US Rep. Ilhan Omar (D-MN) (L) talks with Speaker of the House Nancy Pelosi (D-CA) during a rally with fellow Democrats before voting on H.R. 1, or the People Act, on the East Steps of the US Capitol on March 08, 2019 in Washington, DC. (AFP photo)
Des prisonniers palestiniens détenus dans un centre de détention en Israël, les yeux bandés et les mains ligotées. ©IRNA/Archives

Le mouvement de résistance palestinien, Hamas a mis en garde contre de « graves conséquences » de l’adoption d'une loi israélienne établissant un tribunal militaire spécial pour les membres de ce mouvement et lui conférant le pouvoir de prononcer des condamnations à mort.

Dans un communiqué publié mardi, le mouvement palestinien a qualifié cette mesure de « dangereuse escalade » et de « nouveau crime » à l’encontre des prisonniers palestiniens, rappelant que cette loi « révèle la nature vengeresse et raciste du système d’occupation ».

« Le régime israélien cherche, par cette loi, à légaliser l’assassinat de prisonniers et à transformer les tribunaux en instruments de vengeance et d’abus », indique le communiqué du Hamas.

Le Parlement du régime israélien a adopté cette loi lundi soir, à l’issue de sa deuxième et troisième lecture. Le texte crée un tribunal militaire spécial pour les membres de ce qu’Israël qualifie de « force d’élite » du Hamas.

Dimanche, le ministre israélien Yariv Levin, a déclaré que la loi conférerait au juge le pouvoir de prononcer des condamnations à mort. Le quotidien israélien Yedioth Ahronoth a rapporté que cette loi constituerait le fondement juridique de procès sans précédent.

Le Hamas a également affirmé que les « pouvoirs exceptionnels » accordés par la loi aux tribunaux militaires, notamment la possibilité de déroger aux règles de procédure et de preuve habituelles, témoignent d'un abandon par l’entité sioniste des « normes de justice et de procès équitables ».

Le mouvement a qualifié cette législation de « violation flagrante de l’ensemble des lois et conventions internationales, en particulier des Conventions de Genève et du droit international humanitaire ».

Lire plus: Israël refuse l’eau et la nourriture aux prisonniers palestiniens en proie à des violences systématiques

Le Hamas a en outre averti que cette loi constitue une tentative d’Israël « d’éviter tout futur accord d’échange de prisonniers », en excluant explicitement les détenus incarcérés après la guerre génocidaire israélienne contre Gaza de tout accord de libération.

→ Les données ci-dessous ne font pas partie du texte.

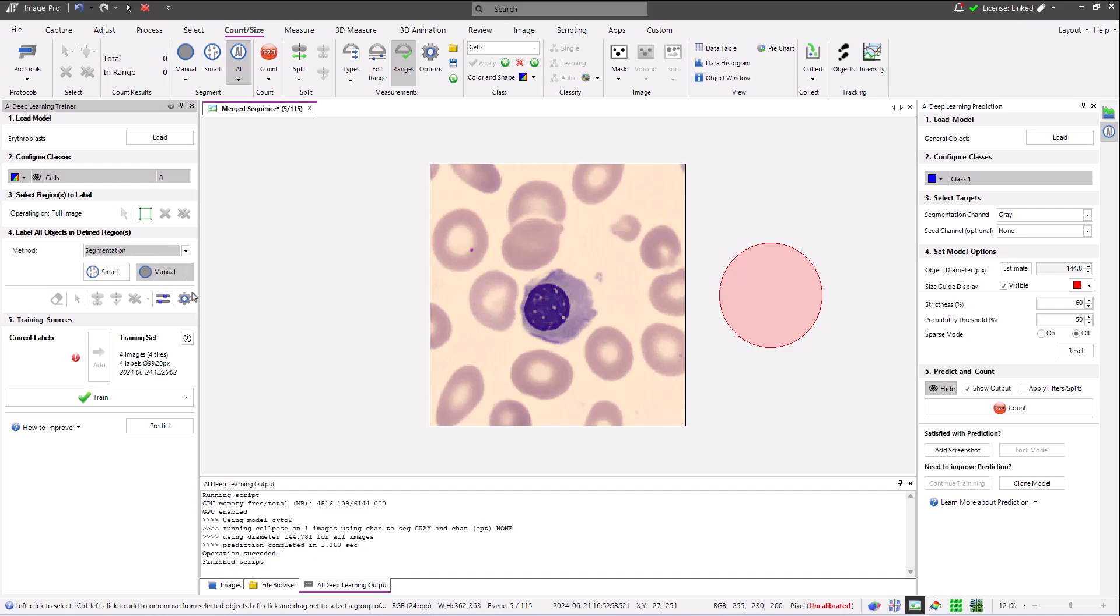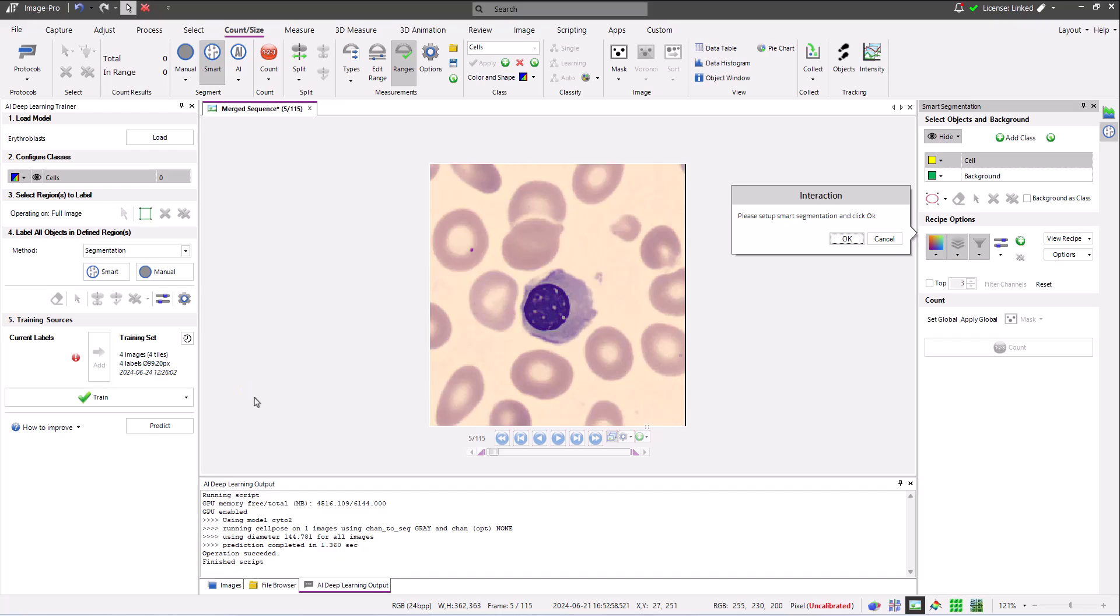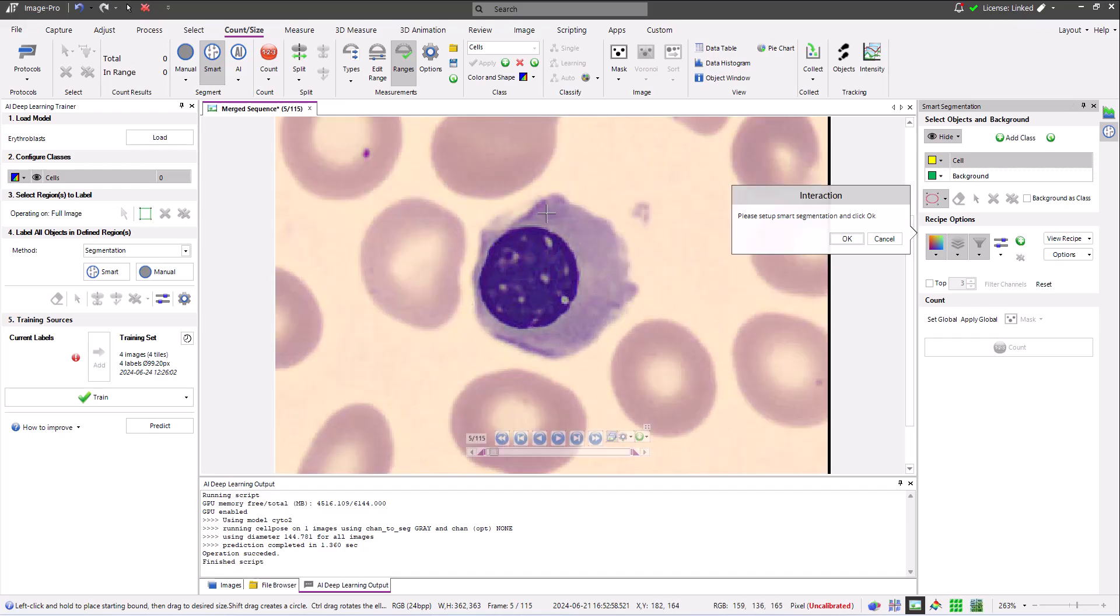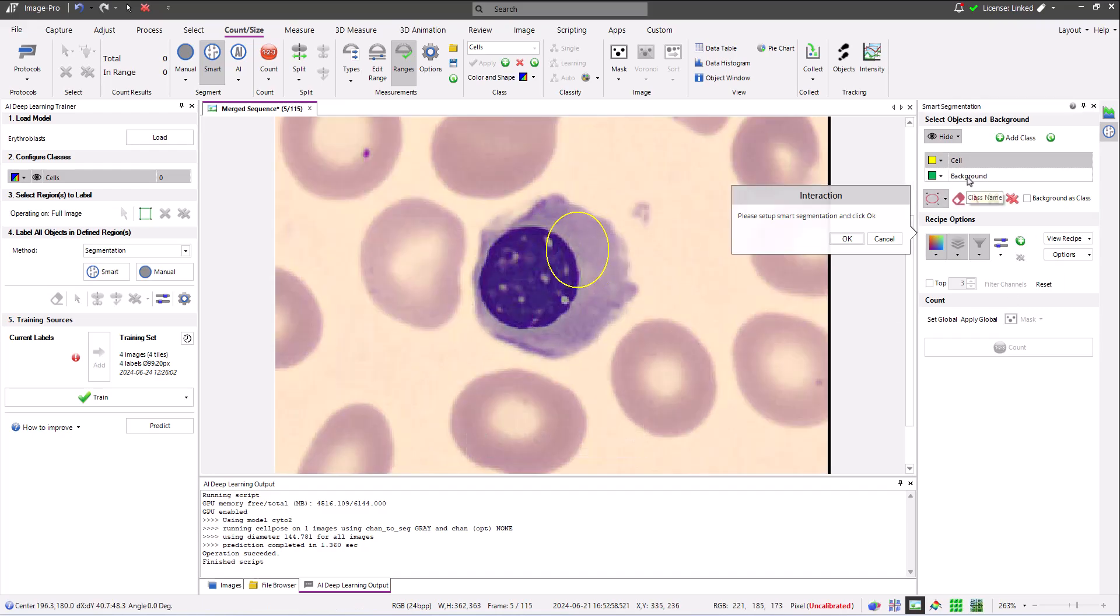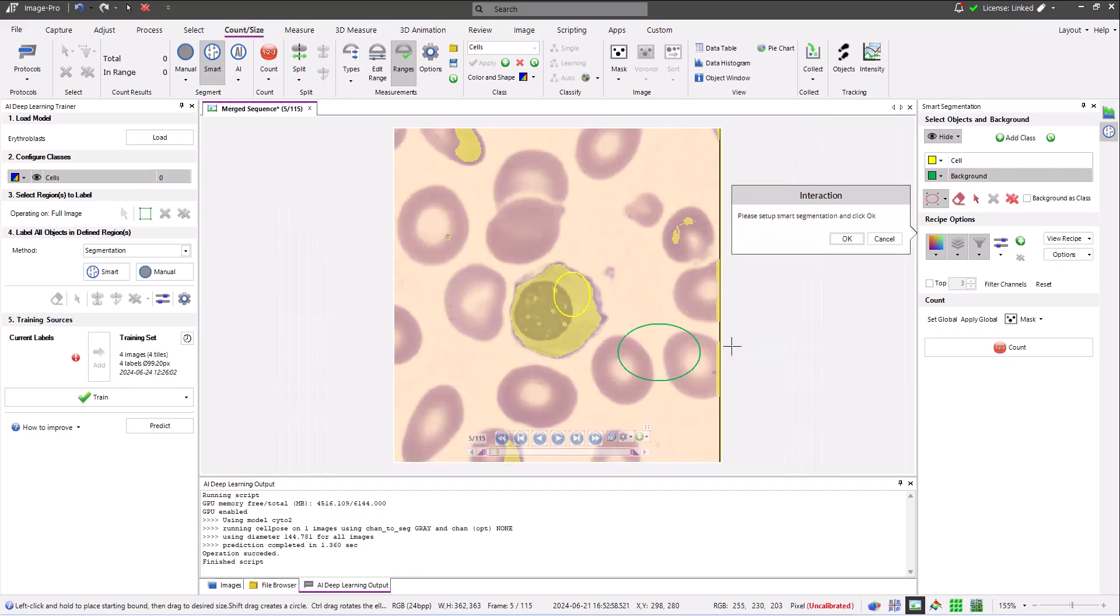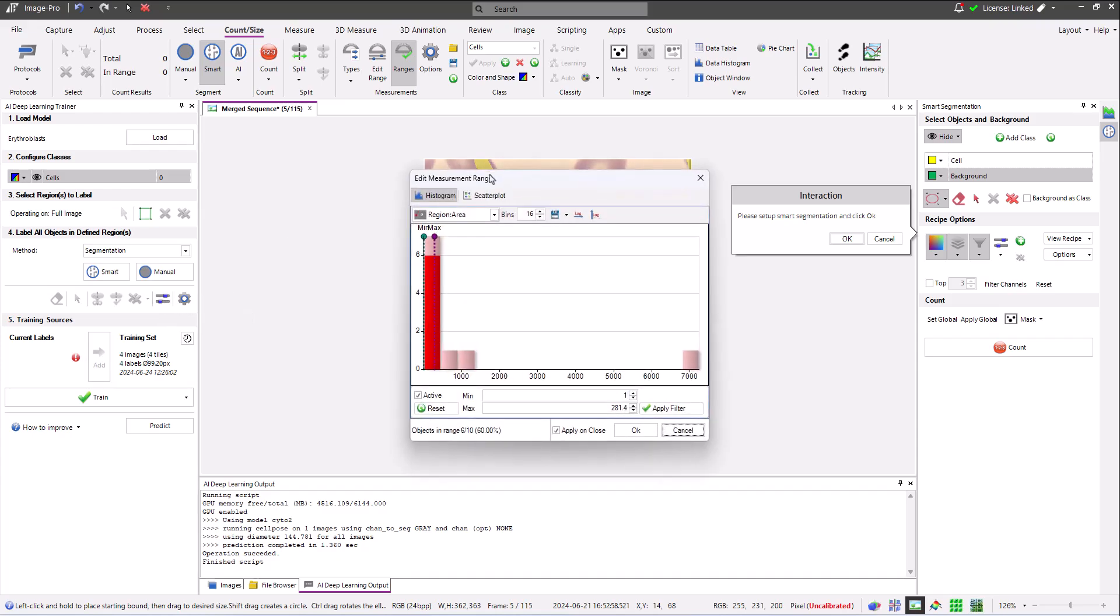Similarly, when I select the Segmentation option, I can choose to open either the Threshold or Smart Segmentation panels. Here I am selecting the Smart Segmentation panel. I build a recipe to find my erythrocyte, and with the correct filtering options, find just my erythrocyte and add the label to my training data.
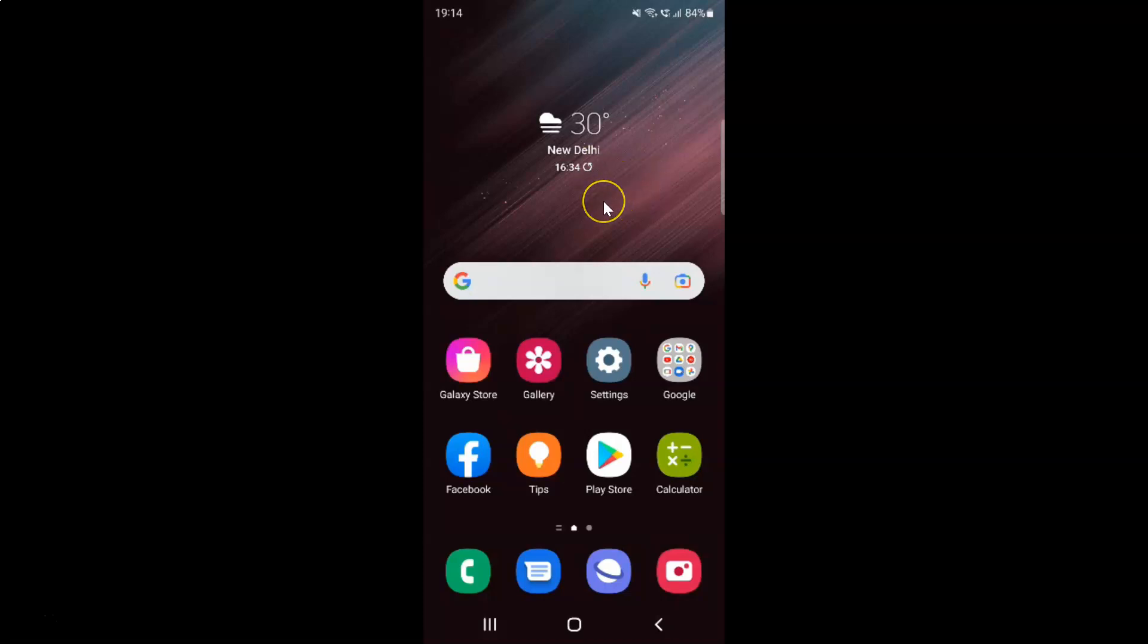First of all you have to open your settings app. So here is my settings app. Let me tap on it to open it.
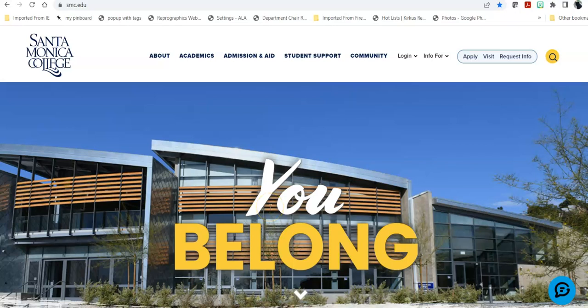Hi, this is Bren Antrim, one of the librarians here at Santa Monica College. Today we're going to do a quick database tour of one of our most commonly used databases, Academic Search.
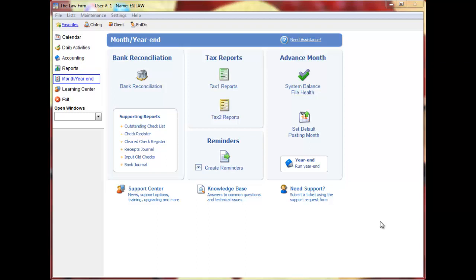Hello and welcome to the Bank Reconciliation video tutorial for EasyLaw. Use the Bank Reconciliation feature to reconcile your bank statements and general ledger closing balances for all bank accounts each month.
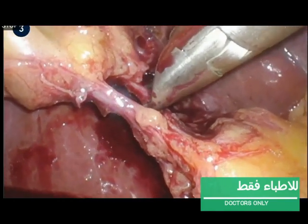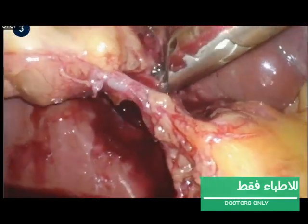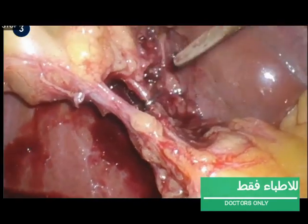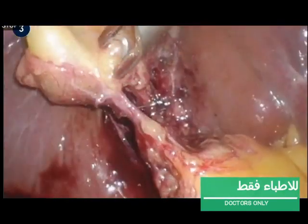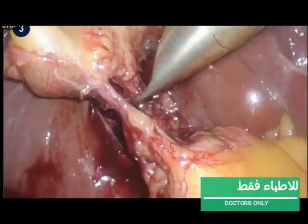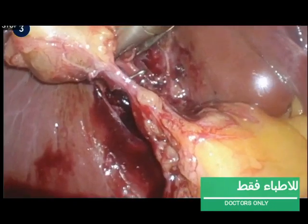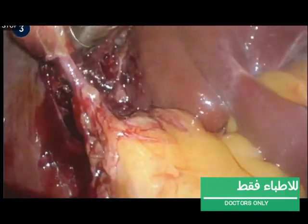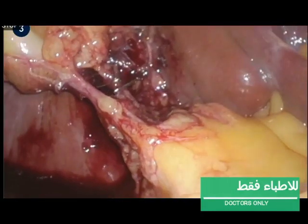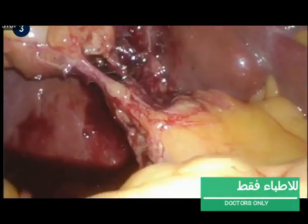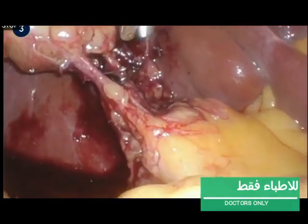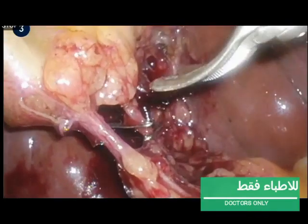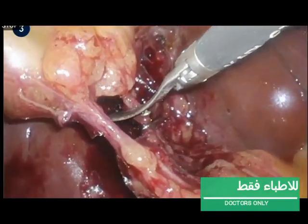The cystic artery is clipped three times and transected as near to the gallbladder as possible. Begin with the artery, as transecting the cystic duct first may tear the artery. In case of severe infection, the artery is much thicker and a suture may be placed in order to ligate it.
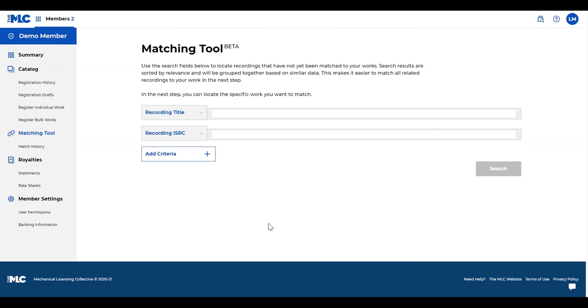When you're finding these recordings and you're proposing matches or suggesting to our team that this needs to be matched to this work, once those proposed matches are approved, they will be applied to usage from all periods, and this includes historical unmatched uses once we begin processing them.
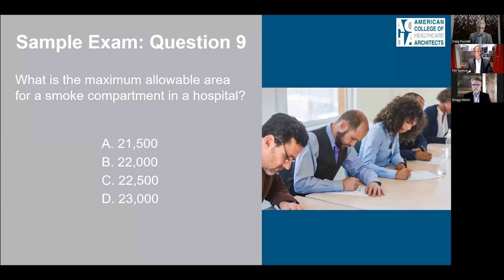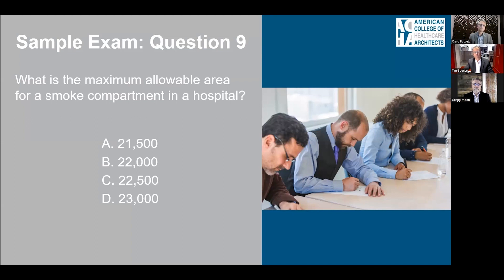Question nine: What is the maximum allowable area for a smoke compartment in a hospital? This is a pure recall question — you either know it or you don't. The answer is C: 22,500 square feet per compartment maximum.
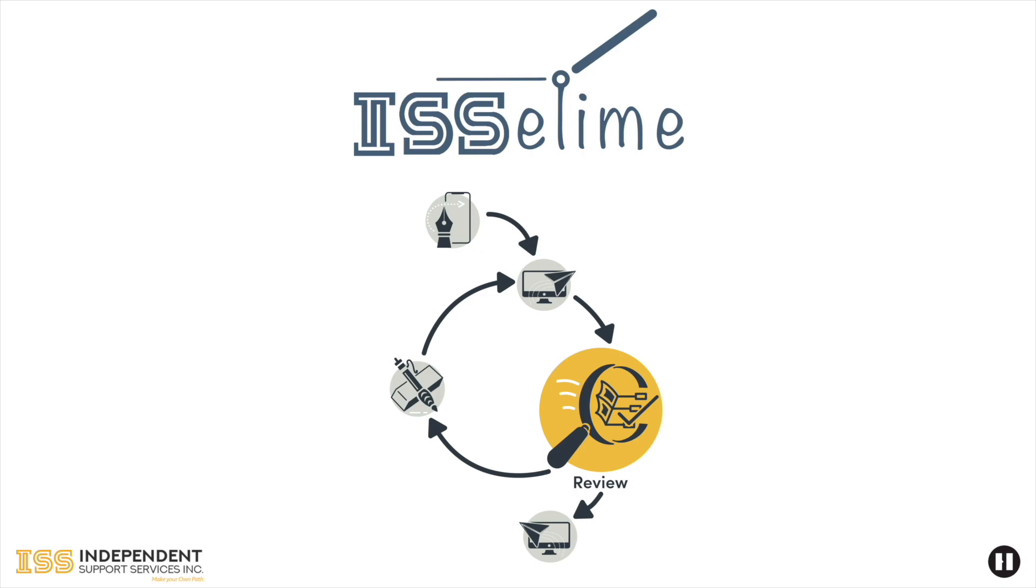In this video, we will go over how the Circle of Support reviews a timesheet submitted by a support staff. In order for someone in the circle to review and approve a timesheet, they must have a portal login. If no one in the circle has a portal login with Web Approver privileges, support staff will not be able to submit eTime timesheets.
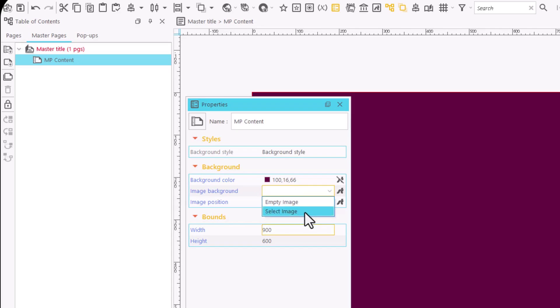Instead of choosing a background color, we can insert a background image. To do so, press in the Image Background field and choose the option Select Image.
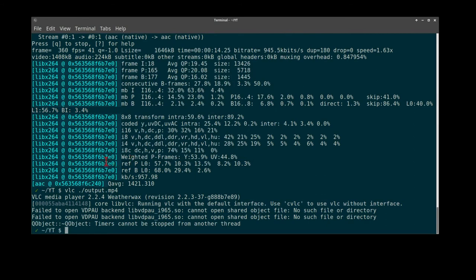But there you go. Three methods from the command line to trim video. Thank you.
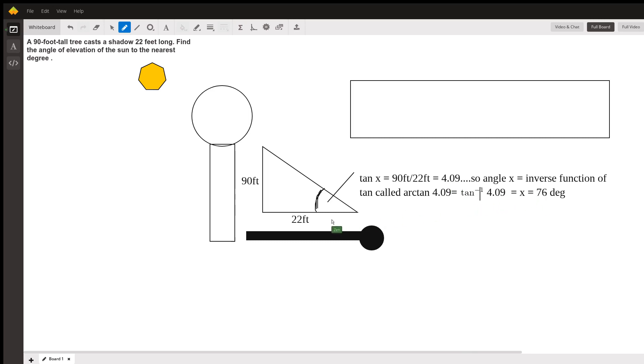Of 4.09, and we get 76 degrees. This picture isn't scaled, but that's the value you're looking for, to the nearest degree: 76.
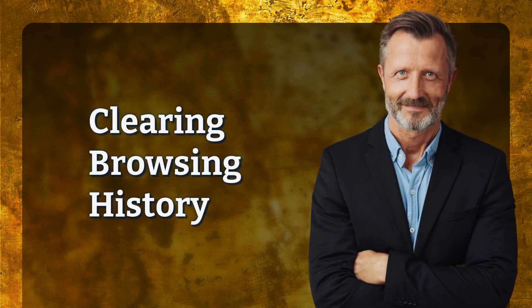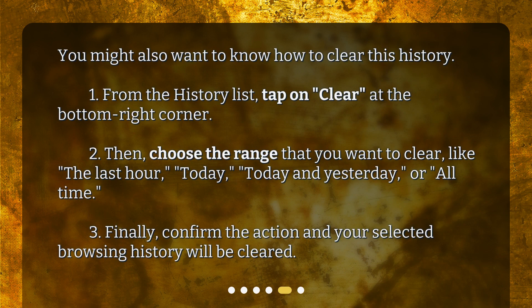Clearing browsing history. You might also want to know how to clear this history. 1. From the history list, tap on Clear at the bottom right corner. 2. Then choose the range that you want to clear, like the last hour, today, today and yesterday, or all time. 3. Finally, confirm the action and your selected browsing history will be cleared.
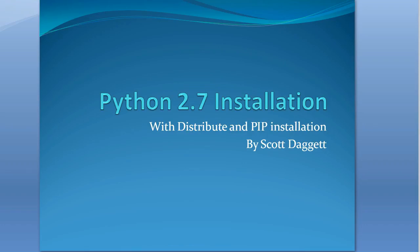Hello and welcome to this instructional video for installing Python 2.7. We'll also install distribute and pip. We install distribute so that we can install pip. And so let's go ahead and get started here.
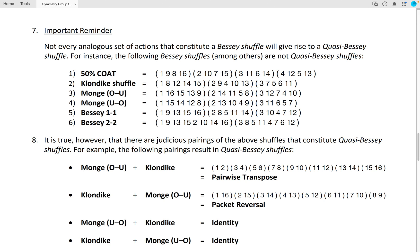Important reminder: not every analogous set of actions that constitute a Bessy shuffle will give rise to a quasi-Bessy shuffle. For instance, the following Bessy shuffles are not quasi-Bessy shuffles: a 50% cut, a Klondike shuffle, the mange over-under, the mange under-over, the Bessy 1-1, and the Bessy 2-2. However, there are judicious pairings of the above shuffles that do constitute quasi-Bessy shuffles.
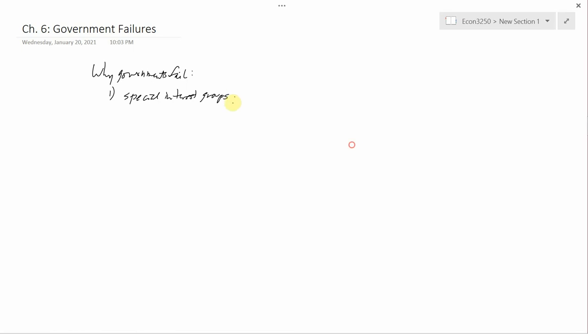That was the predominant form of economic organization when Adam Smith was writing. Crony capitalism is an example of government failure because the government's acting not in the interest of society as a whole, but just in the interest of a small group of people.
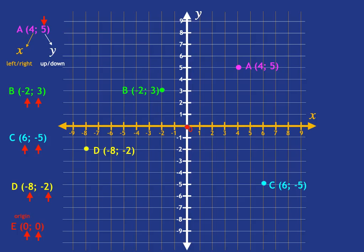That takes us through the basics of plotting points. The main idea is: when you're asked to plot a point, you always start at the origin, then look at the X coordinate to find how far left or right to move, then look at the Y coordinate to find how far up or down to move. Where you end up is where your point is located.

Il a appelé les Nations unies, la Cour pénale internationale (CPI), et les organisations internationales de défense des droits humains et humanitaires, à intervenir d’urgence pour stopper cette législation et demander des comptes aux dirigeants israéliens pour les crimes commis à l’encontre des prisonniers palestiniens.

Israël prétend que les Palestiniens détenus pendant la guerre contre Gaza sont membres du Hamas. Ceux-ci n’ont pas encore été jugés.

Plus de 9 600 prisonniers palestiniens, parmi lesquels des femmes et des enfants, sont actuellement détenus dans des prisons israéliennes où, selon des organisations de défense des droits humains, ils sont soumis à des actes de torture, de privation alimentaire et de négligence médicale qui ont causé des dizaines de décès.